• **Task details**
Instruction for the entries below: return the part that opens with the line containing "Beesmoove Kid’s Vintage" and closes with the line containing "Hylke herder Kinderrugzak", exactly, and no pictures.

### Data for analysis ###

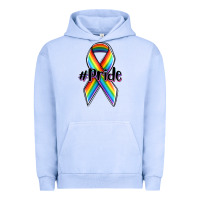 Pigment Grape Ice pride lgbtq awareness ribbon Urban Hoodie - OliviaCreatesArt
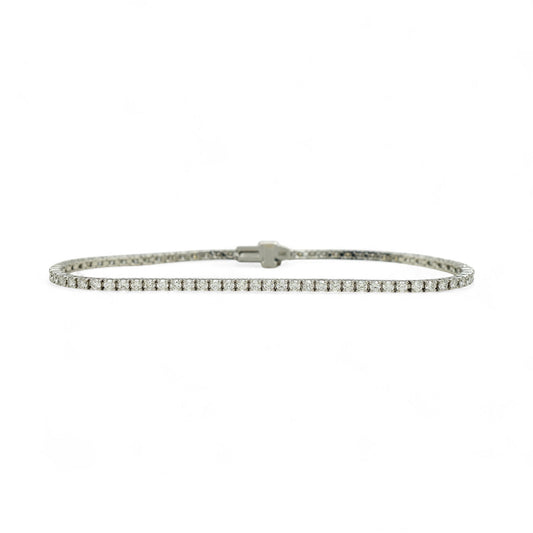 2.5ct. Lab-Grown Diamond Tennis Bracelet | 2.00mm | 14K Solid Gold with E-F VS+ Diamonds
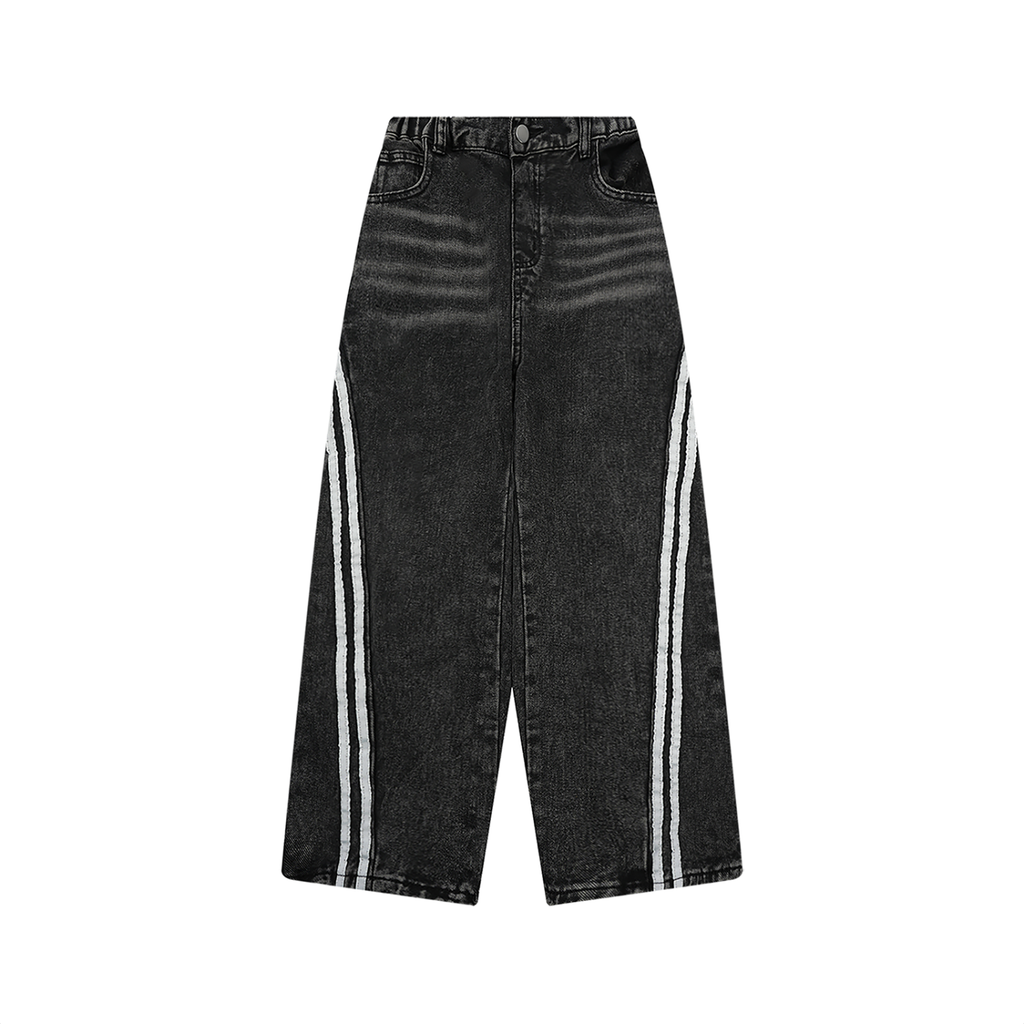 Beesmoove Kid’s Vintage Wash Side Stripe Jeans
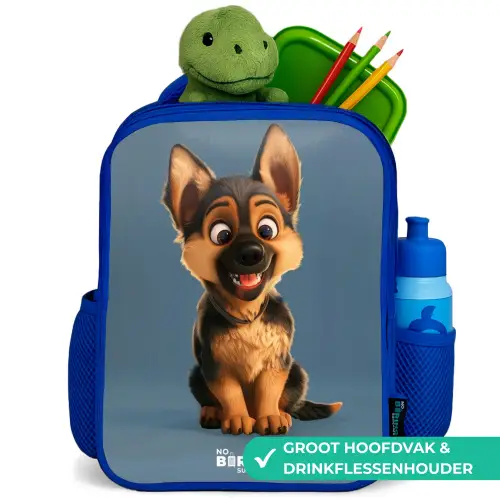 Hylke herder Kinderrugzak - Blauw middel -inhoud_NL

###
### Data for analysis ###

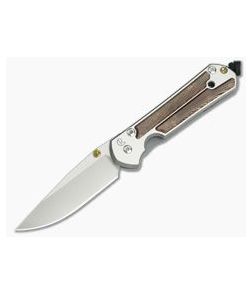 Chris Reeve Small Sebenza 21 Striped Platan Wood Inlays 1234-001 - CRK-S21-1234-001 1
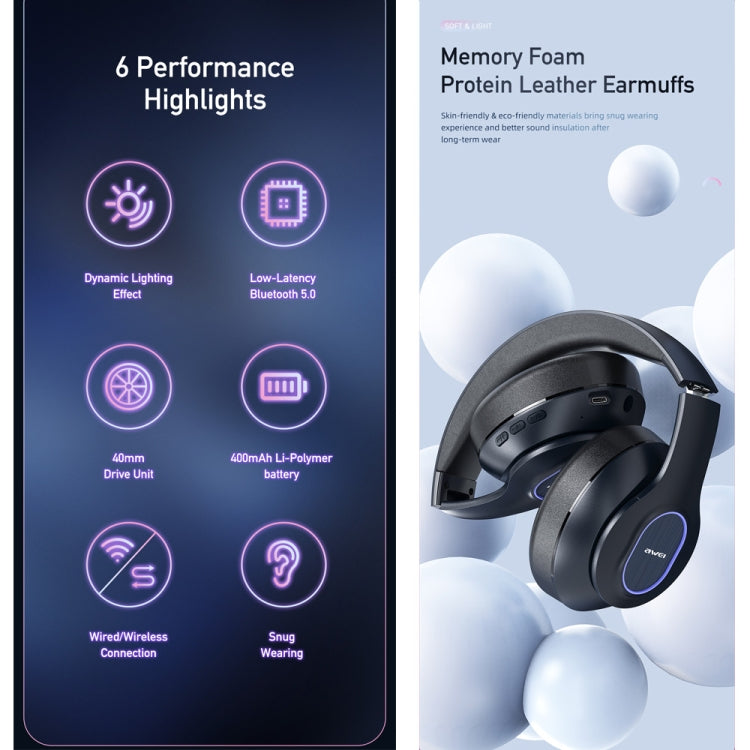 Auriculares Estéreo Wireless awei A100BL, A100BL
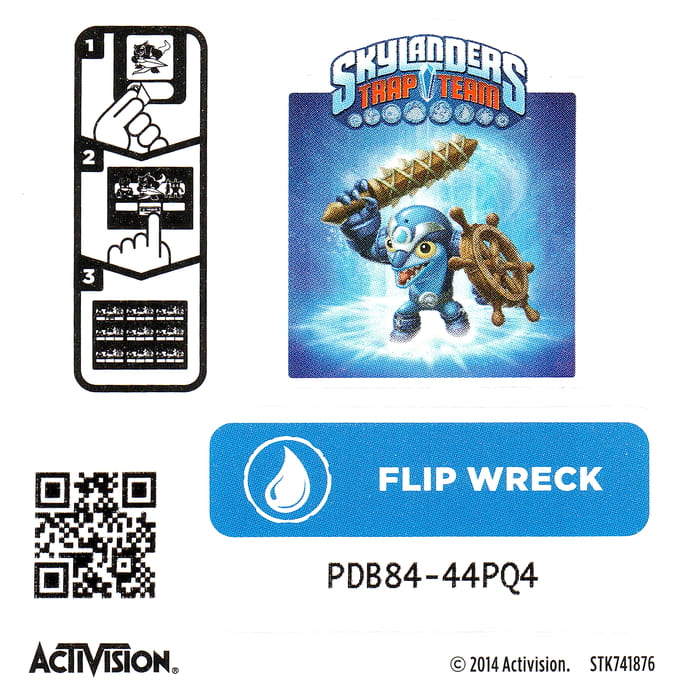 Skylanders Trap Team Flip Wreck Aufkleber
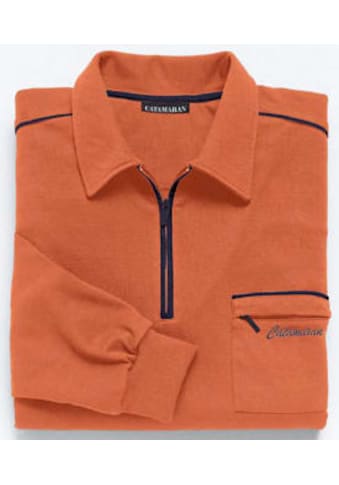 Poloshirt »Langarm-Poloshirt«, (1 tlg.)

###

• **Response area**
 Beesmoove Kid’s Vintage Wash Side Stripe Jeans
 Hylke herder Kinderrugzak - Blauw middel -inhoud_NL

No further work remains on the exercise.